╭─ PROVIDED RECORDS

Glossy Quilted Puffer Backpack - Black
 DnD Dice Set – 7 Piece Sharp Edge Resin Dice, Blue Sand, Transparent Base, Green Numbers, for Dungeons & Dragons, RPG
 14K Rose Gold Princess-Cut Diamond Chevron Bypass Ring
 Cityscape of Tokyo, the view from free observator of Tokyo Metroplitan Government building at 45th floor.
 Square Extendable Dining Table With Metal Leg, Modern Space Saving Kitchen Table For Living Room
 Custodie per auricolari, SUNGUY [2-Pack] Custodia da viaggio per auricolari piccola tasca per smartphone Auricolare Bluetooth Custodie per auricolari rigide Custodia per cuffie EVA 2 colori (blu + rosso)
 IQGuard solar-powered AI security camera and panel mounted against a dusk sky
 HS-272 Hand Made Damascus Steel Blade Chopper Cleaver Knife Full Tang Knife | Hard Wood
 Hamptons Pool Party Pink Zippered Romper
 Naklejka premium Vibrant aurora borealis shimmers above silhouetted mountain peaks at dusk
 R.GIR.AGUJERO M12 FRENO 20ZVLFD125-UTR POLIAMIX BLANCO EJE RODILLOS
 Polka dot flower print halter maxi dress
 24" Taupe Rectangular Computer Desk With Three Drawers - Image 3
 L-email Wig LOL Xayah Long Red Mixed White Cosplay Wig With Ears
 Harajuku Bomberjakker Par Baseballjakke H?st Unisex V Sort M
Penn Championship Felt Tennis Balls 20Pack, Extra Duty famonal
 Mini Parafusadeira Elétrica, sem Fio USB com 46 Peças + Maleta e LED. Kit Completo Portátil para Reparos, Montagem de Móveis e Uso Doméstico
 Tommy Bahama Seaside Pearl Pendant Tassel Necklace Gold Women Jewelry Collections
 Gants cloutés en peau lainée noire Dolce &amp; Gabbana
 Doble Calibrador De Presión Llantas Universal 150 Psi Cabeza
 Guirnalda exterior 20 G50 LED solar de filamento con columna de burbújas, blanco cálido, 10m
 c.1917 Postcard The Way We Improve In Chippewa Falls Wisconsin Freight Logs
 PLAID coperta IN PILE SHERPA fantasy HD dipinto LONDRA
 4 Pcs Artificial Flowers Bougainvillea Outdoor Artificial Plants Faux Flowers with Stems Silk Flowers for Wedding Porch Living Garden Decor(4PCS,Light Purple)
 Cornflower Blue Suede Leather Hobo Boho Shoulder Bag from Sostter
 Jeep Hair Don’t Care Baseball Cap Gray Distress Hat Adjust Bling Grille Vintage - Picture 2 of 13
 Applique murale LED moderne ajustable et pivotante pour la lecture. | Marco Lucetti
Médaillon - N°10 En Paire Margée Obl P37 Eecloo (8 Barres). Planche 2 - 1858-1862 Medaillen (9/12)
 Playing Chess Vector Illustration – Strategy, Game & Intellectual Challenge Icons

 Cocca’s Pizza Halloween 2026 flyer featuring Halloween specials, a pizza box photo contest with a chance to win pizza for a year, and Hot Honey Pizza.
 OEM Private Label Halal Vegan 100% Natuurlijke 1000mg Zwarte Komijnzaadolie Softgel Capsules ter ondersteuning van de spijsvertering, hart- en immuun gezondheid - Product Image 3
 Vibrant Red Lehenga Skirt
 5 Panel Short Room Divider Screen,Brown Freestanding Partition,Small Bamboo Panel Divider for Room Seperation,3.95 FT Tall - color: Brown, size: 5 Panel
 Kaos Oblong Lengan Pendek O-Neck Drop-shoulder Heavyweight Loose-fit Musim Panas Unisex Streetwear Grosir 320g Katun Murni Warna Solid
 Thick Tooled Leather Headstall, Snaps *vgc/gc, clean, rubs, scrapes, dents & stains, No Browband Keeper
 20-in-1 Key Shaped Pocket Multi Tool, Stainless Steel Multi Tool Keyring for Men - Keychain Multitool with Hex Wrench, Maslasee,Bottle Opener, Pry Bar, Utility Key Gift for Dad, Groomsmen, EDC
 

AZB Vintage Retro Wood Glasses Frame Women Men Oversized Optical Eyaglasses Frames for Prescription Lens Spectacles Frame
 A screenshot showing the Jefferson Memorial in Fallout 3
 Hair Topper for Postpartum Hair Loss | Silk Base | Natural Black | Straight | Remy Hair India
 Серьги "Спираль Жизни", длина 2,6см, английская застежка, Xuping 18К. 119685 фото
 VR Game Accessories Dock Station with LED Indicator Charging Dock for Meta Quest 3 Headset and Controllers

╰─

WORK ITEM:
Could you copy every record above exactly as it stands?

SOLUTION:
Glossy Quilted Puffer Backpack - Black
 DnD Dice Set – 7 Piece Sharp Edge Resin Dice, Blue Sand, Transparent Base, Green Numbers, for Dungeons & Dragons, RPG
 14K Rose Gold Princess-Cut Diamond Chevron Bypass Ring
 Cityscape of Tokyo, the view from free observator of Tokyo Metroplitan Government building at 45th floor.
 Square Extendable Dining Table With Metal Leg, Modern Space Saving Kitchen Table For Living Room
 Custodie per auricolari, SUNGUY [2-Pack] Custodia da viaggio per auricolari piccola tasca per smartphone Auricolare Bluetooth Custodie per auricolari rigide Custodia per cuffie EVA 2 colori (blu + rosso)
 IQGuard solar-powered AI security camera and panel mounted against a dusk sky
 HS-272 Hand Made Damascus Steel Blade Chopper Cleaver Knife Full Tang Knife | Hard Wood
 Hamptons Pool Party Pink Zippered Romper
 Naklejka premium Vibrant aurora borealis shimmers above silhouetted mountain peaks at dusk
 R.GIR.AGUJERO M12 FRENO 20ZVLFD125-UTR POLIAMIX BLANCO EJE RODILLOS
 Polka dot flower print halter maxi dress
 24" Taupe Rectangular Computer Desk With Three Drawers - Image 3
 L-email Wig LOL Xayah Long Red Mixed White Cosplay Wig With Ears
 Harajuku Bomberjakker Par Baseballjakke H?st Unisex V Sort M
Penn Championship Felt Tennis Balls 20Pack, Extra Duty famonal
 Mini Parafusadeira Elétrica, sem Fio USB com 46 Peças + Maleta e LED. Kit Completo Portátil para Reparos, Montagem de Móveis e Uso Doméstico
 Tommy Bahama Seaside Pearl Pendant Tassel Necklace Gold Women Jewelry Collections
 Gants cloutés en peau lainée noire Dolce &amp; Gabbana
 Doble Calibrador De Presión Llantas Universal 150 Psi Cabeza
 Guirnalda exterior 20 G50 LED solar de filamento con columna de burbújas, blanco cálido, 10m
 c.1917 Postcard The Way We Improve In Chippewa Falls Wisconsin Freight Logs
 PLAID coperta IN PILE SHERPA fantasy HD dipinto LONDRA
 4 Pcs Artificial Flowers Bougainvillea Outdoor Artificial Plants Faux Flowers with Stems Silk Flowers for Wedding Porch Living Garden Decor(4PCS,Light Purple)
 Cornflower Blue Suede Leather Hobo Boho Shoulder Bag from Sostter
 Jeep Hair Don’t Care Baseball Cap Gray Distress Hat Adjust Bling Grille Vintage - Picture 2 of 13
 Applique murale LED moderne ajustable et pivotante pour la lecture. | Marco Lucetti
Médaillon - N°10 En Paire Margée Obl P37 Eecloo (8 Barres). Planche 2 - 1858-1862 Medaillen (9/12)
 Playing Chess Vector Illustration – Strategy, Game & Intellectual Challenge Icons

 Cocca’s Pizza Halloween 2026 flyer featuring Halloween specials, a pizza box photo contest with a chance to win pizza for a year, and Hot Honey Pizza.
 OEM Private Label Halal Vegan 100% Natuurlijke 1000mg Zwarte Komijnzaadolie Softgel Capsules ter ondersteuning van de spijsvertering, hart- en immuun gezondheid - Product Image 3
 Vibrant Red Lehenga Skirt
 5 Panel Short Room Divider Screen,Brown Freestanding Partition,Small Bamboo Panel Divider for Room Seperation,3.95 FT Tall - color: Brown, size: 5 Panel
 Kaos Oblong Lengan Pendek O-Neck Drop-shoulder Heavyweight Loose-fit Musim Panas Unisex Streetwear Grosir 320g Katun Murni Warna Solid
 Thick Tooled Leather Headstall, Snaps *vgc/gc, clean, rubs, scrapes, dents & stains, No Browband Keeper
 20-in-1 Key Shaped Pocket Multi Tool, Stainless Steel Multi Tool Keyring for Men - Keychain Multitool with Hex Wrench, Maslasee,Bottle Opener, Pry Bar, Utility Key Gift for Dad, Groomsmen, EDC
 

AZB Vintage Retro Wood Glasses Frame Women Men Oversized Optical Eyaglasses Frames for Prescription Lens Spectacles Frame
 A screenshot showing the Jefferson Memorial in Fallout 3
 Hair Topper for Postpartum Hair Loss | Silk Base | Natural Black | Straight | Remy Hair India
 Серьги "Спираль Жизни", длина 2,6см, английская застежка, Xuping 18К. 119685 фото
 VR Game Accessories Dock Station with LED Indicator Charging Dock for Meta Quest 3 Headset and Controllers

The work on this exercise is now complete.